Oggi per la seconda volta i leader della coalizione virtuale, il centrodestra insomma, si troveranno per la seconda volta in un mese sullo stesso palco. A Cagliari, per una conferenza stampa congiunta in vista delle regionali. Ieri il Cavaliere ha incontrato i suoi parlamentari al Senato e dopo l’abituale show ha dato appuntamento a tutti per mercoledì prossimo, per fare il punto sulle elezioni europee. Qualcosina in materia però Berlusconi la ha detta già ieri: «Mi candido ovunque tranne che al centro, dove c’è Tajani». Il quale, ha aggiunto, mira a un secondo mandato come presidente del Parlamento.

La sfida del partito azzurro è tanto semplice quanto difficile: mira a stanare Salvini costringendolo a scegliere tra le due alleanze di cui è elemento centrale. Lo fa in Italia, accelerando il voto sulle mozioni Tav che costringerà la maggioranza a miracoli di equilibrismo per non dire niente e nel nord, soprattutto nel Piemonte dove si voterà insieme alle europee, la reticenza rischia di costare cara al capo leghista. Lo fa in Europa, con l’obiettivo dichiarato di convincere-costringere il quasi alleato a un blocco tra Ppe e gruppo sovranista. Inutile specificare che quell’alleanza a Strasburgo porrebbe una grossa ipoteca sul quadro interno.

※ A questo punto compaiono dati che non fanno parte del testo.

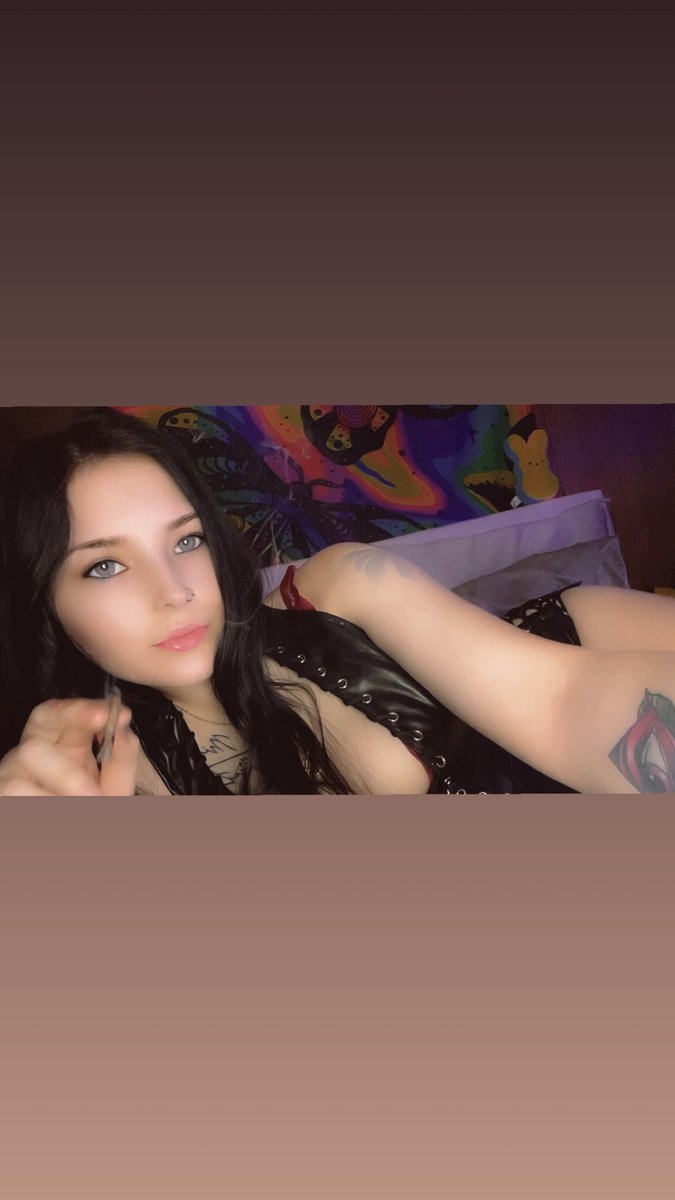 xoxoochokeeme's tweet photo. come smoke with me 💚🍃 https://t.co/4HY46SBiBP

Salvini svicola. Non solo perché ritiene che mantenere l’alleanza con i 5S sia il modo migliore per moltiplicare ulteriormente i consensi, ma anche perché lui stesso deve muoversi al buio, senza elementi sufficientemente chiari per scegliere una strategia di lungo periodo. La vera incognita, infatti, non è la Lega come non è Fi: è M5S, ex movimento oggi sprofondato in una crisi d’identità di cui lo psicodramma del voto sull’immunità del vicepremier leghista è stato solo un sintomo particolarmente vistoso.
Ieri i 5S hanno smentito con i dovuti decibel la possibilità, alla quale aveva accennato il leghista Borghi, di entrare con la Lega nello stesso gruppo parlamentare «eurocritico» a Strasburgo. «M5S – recita un post sul blog – farà parte di un nuovo gruppo fondato sui valori della democrazia diretta. Non esiste e non è mai stata presa in considerazione l’idea di entrare nel gruppo della Lega e Le Pen». Salvini si associa: «Nessun gruppo unico. Abbiamo già i nostri alleati a livello internazionale».

Tutto chiaro? Non proprio. Prima delle elezioni i 5S non potrebbero in alcun modo mostrarsi interessati a un gruppo unico e Salvini non ha interesse a far salire la febbre già alta tra i soci di governo. Dopo il voto le cose potrebbero cambiare: in fondo è già successo proprio a proposito dell’alleanza con la Lega, esclusa tassativamente prima delle elezioni politiche. Il «nuovo eurogruppo» di cui parlano i 5S, infatti, è più vicino a un miraggio che a una imminente realtà. Per arrivare al quorum di 7 paesi, necessario per formare un gruppo, mancano infatti ancora due Paesi europei, ma anche tra quelli con cui l’alleanza è già stata stretta solo la Croazia sembra in grado di inviare a Strasburgo un paio di europarlamentari. Smarriti e senza un gruppo, i 5S potrebbero essere attratti dal gruppone «eurocritico» o sovranista che dir si voglia.

E’ una scelta che dipenderà dagli equilibri che si definiranno di qui all’estate in Italia. Tra i 5S si fronteggiano due opzioni antitetiche. Da una parte quella di chi vuole mantenere intatta la natura originaria del Movimento e considera ancora l’alleanza con la Lega come transitoria. Dall’altra quella di chi tira a fare di M5S un vero partito – come ha quasi ammesso Di Maio specificando che inaccettabile è solo la parola «partito», non la sostanza – e soprattutto a trasformare il contratto con Salvini in un’alleanza stabile.
E’ una divisione che regna non solo sulla scena ma quasi certamente anche in cabina di regia. Il Grillo che da giorni riserva a Salvini battute una più pesante dell’altra e che ieri ha chiesto di «essere noi a influenzare Salvini sui nostri temi» è vicino ai movimentisti. Ma alla guida del fronte governista non c’è Di Maio: c’è l’erede del guru venerato ovunque tra i 5S, David Casaleggio.